REASONS FOR DECISION
Mr Gant and Mr Mitchell are home owners in the Colonial Village, a mixed use park and manufactured home village, located at Beams Road, Taigum. Emmetlow Pty Ltd is the park owner.
There is evidence before the Tribunal that:
a)Mr Gant entered into a site agreement with the park owner which commenced on 13 August 2009; and
b)Mr Mitchell entered into a site agreement with the park owner which commenced on 20 June 2008 (the Site Agreements).
These proceedings were commenced on 16 May 2012.
Mr Gant and Mr Mitchell seek orders that:
a) Special Term ST1 (c), (d) and (e) and Schedule 1 items 6 and 7 be deleted from Annexure A to the Site Agreements (Capital Contributions Special Terms);
b) Money paid by them as Capital Contributions be refunded.
Mr Gant and Mr Mitchell contend the Tribunal should exercise the powers in s 22 of the Manufactured Homes (Residential Parks) Act 2003 (the Act) to vary the special terms of the Site Agreements by deleting these parts of the Site Agreements because they are unfair or are in breach of s 23 or 71 of the Act.
Mr Gant and Mr Mitchell submit that the Capital Contributions Special Terms are only contained in 14 of 57 site agreements at the park and that this is unfair because the 14 home owners (including Mr Gant and Mr Mitchell) do not receive any additional benefits to those made available to home owners who do not have obligations to pay Capital Contributions in their site agreements.

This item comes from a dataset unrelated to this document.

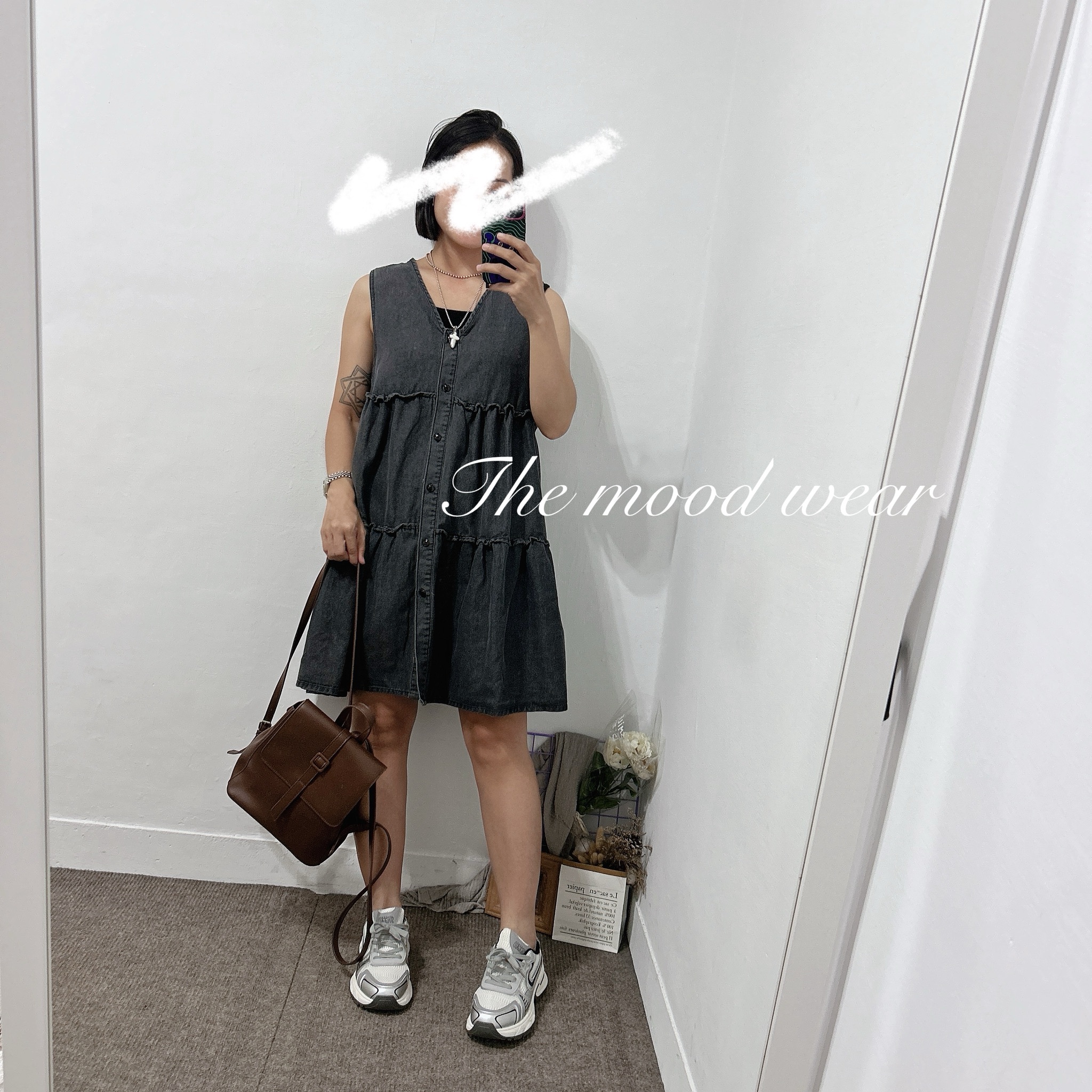 約會穿搭 修飾版型a字牛仔洋裝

They also appear to contend it is unfair because the site rents payable at the park are higher than site rents at other parks prior to taking the Capital Contributions into account.
They contend that the Capital Contributions are effectively an increase in site rent in breach of s 23 of the Act as it is circumventing the procedures required to increase site rent set out in s 69 or 71 of the Act.

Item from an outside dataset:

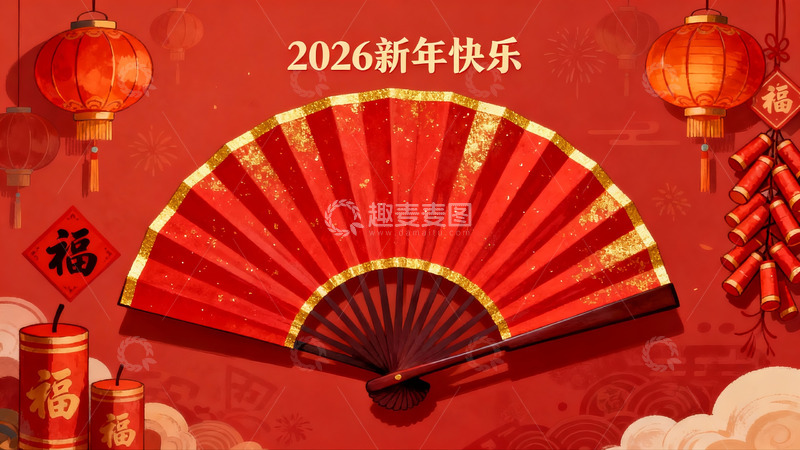 高清大图下载【趣麦麦图】新年红色扇子灯笼装饰图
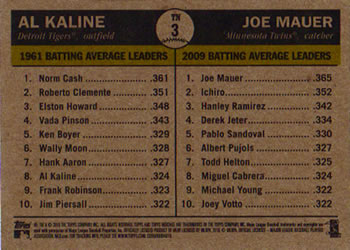 2010 Topps Heritage - Then and Now #TN3 Al Kaline / Joe Mauer Back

The evidence before the Tribunal is that:
a)the Capital Contributions are analogous to a sinking fund levy in a body corporate;
b)all new site agreements entered into by the park owner for many years have included these terms;
c)the park owner’s intention is that all new site agreements will contain such terms so that over time it is intended that all site agreements will contain these terms.
The Tribunal has power to make an order it considers appropriate about the proposed variation[1] and an order it considers appropriate to resolve the site agreement dispute.[2]

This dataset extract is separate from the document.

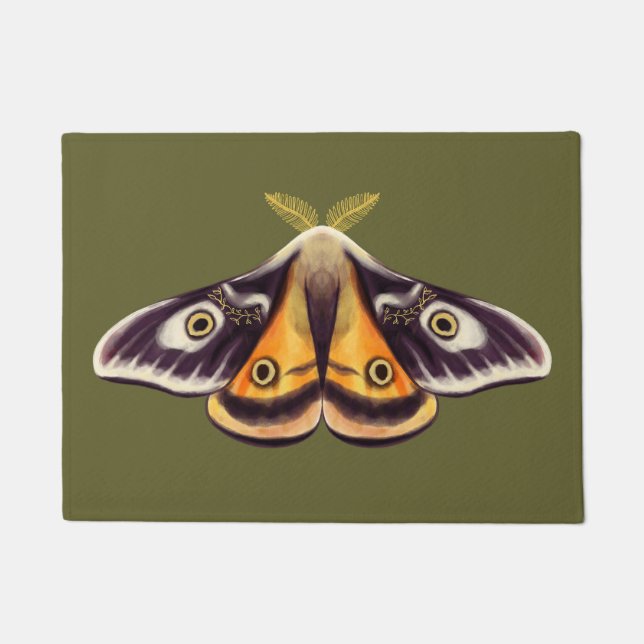 Felpudo Moth Insect Art Goblincore Saturnia Witchen Green (Anverso)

[1] Section 22(4) of the Act.
[2] Section 140 of the Act.
An agreement is void to the extent it purports to exclude, change or restrict the application or operation of a provision of the Act about the terms of a site agreement.[3]
[3] Section 23(1) of the Act.
In relation to Mr Mitchell there is evidence before the Tribunal that the issue of whether the Capital Contributions Special Terms were valid was litigated between Mr Mitchell and the park owner in Magistrates Court proceedings and his rights in respect of that point were compromised. I accept the submission that as between Mr Mitchell and the park owner the issue of validity has been previously determined by way of consent order.
I find that he was not entitled to bring these proceedings on the basis that the Capital Contribution Special Terms were inconsistent with the Act[4] and therefore he is only able to rely upon the “unfair’ claim in these proceedings in seeking a variation.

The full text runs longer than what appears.